Task description —
Restate all of the entries exactly, dropping any pictures they hold.

Start of Available data

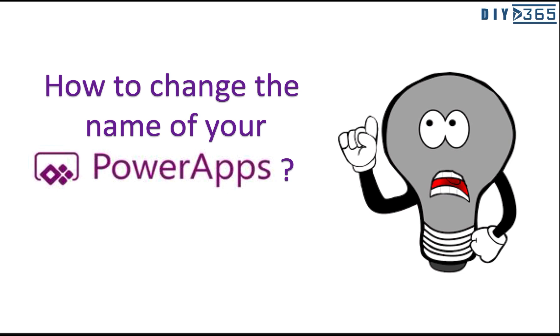Hello everyone, welcome to DIY D365. This video is part of my quick tip series and we'll be talking about how to change the name of your Power Apps or renaming your Power Apps.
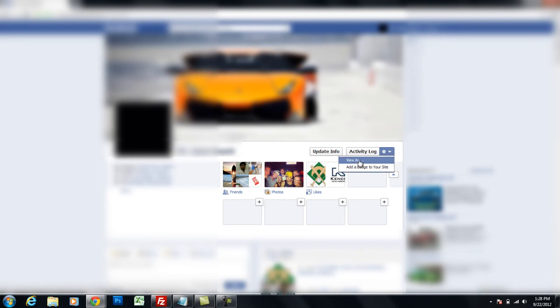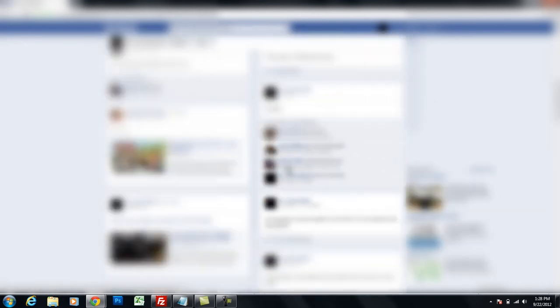So you just click this down arrow, hit View As, and I'm going to type in a friend's name up here, top left, and I'm going to view my profile as one of my friends, and I can see that the map is gone.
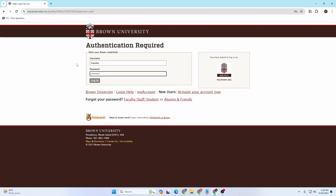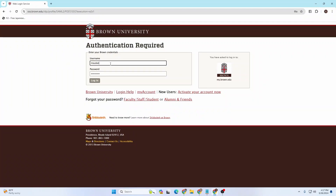If you forgot your password, you can always reset it or retrieve your account details using the 'Login Help' option. After entering your username and password, simply click on the Login button.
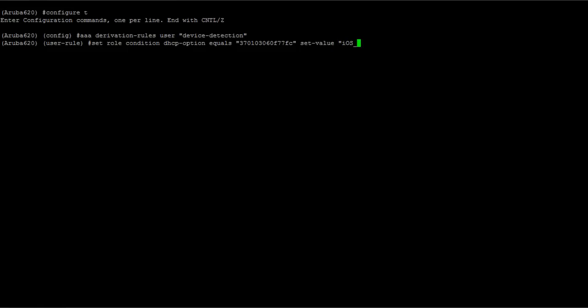So that 3701 string that you're seeing is the string for iOS. Other devices will have unique strings so that you can assign roles to devices like Android or Blackberry and things like that. In this case we'll just do the one condition.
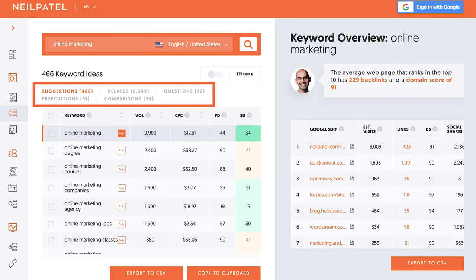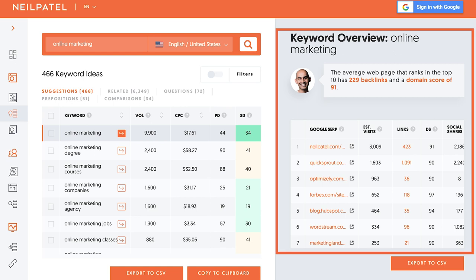you can put any keyword into Ubersuggest, and it'll give you not only other suggested keywords based on transactional, navigational, or all types of keywords. They'll even give you question-related keywords, comparison keywords, but they'll also show you on the right side who's ranking, how many backlinks, their domain score, their social shares. This will give you an idea of what you need to do in order to rank as well.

End of Available data

Solution to the exercise —
Hello everyone, welcome to DIY D365. This video is part of my quick tip series and we'll be talking about how to change the name of your Power Apps or renaming your Power Apps.
So you just click this down arrow, hit View As, and I'm going to type in a friend's name up here, top left, and I'm going to view my profile as one of my friends, and I can see that the map is gone.
If you forgot your password, you can always reset it or retrieve your account details using the 'Login Help' option. After entering your username and password, simply click on the Login button.
So that 3701 string that you're seeing is the string for iOS. Other devices will have unique strings so that you can assign roles to devices like Android or Blackberry and things like that. In this case we'll just do the one condition.
you can put any keyword into Ubersuggest, and it'll give you not only other suggested keywords based on transactional, navigational, or all types of keywords. They'll even give you question-related keywords, comparison keywords, but they'll also show you on the right side who's ranking, how many backlinks, their domain score, their social shares. This will give you an idea of what you need to do in order to rank as well.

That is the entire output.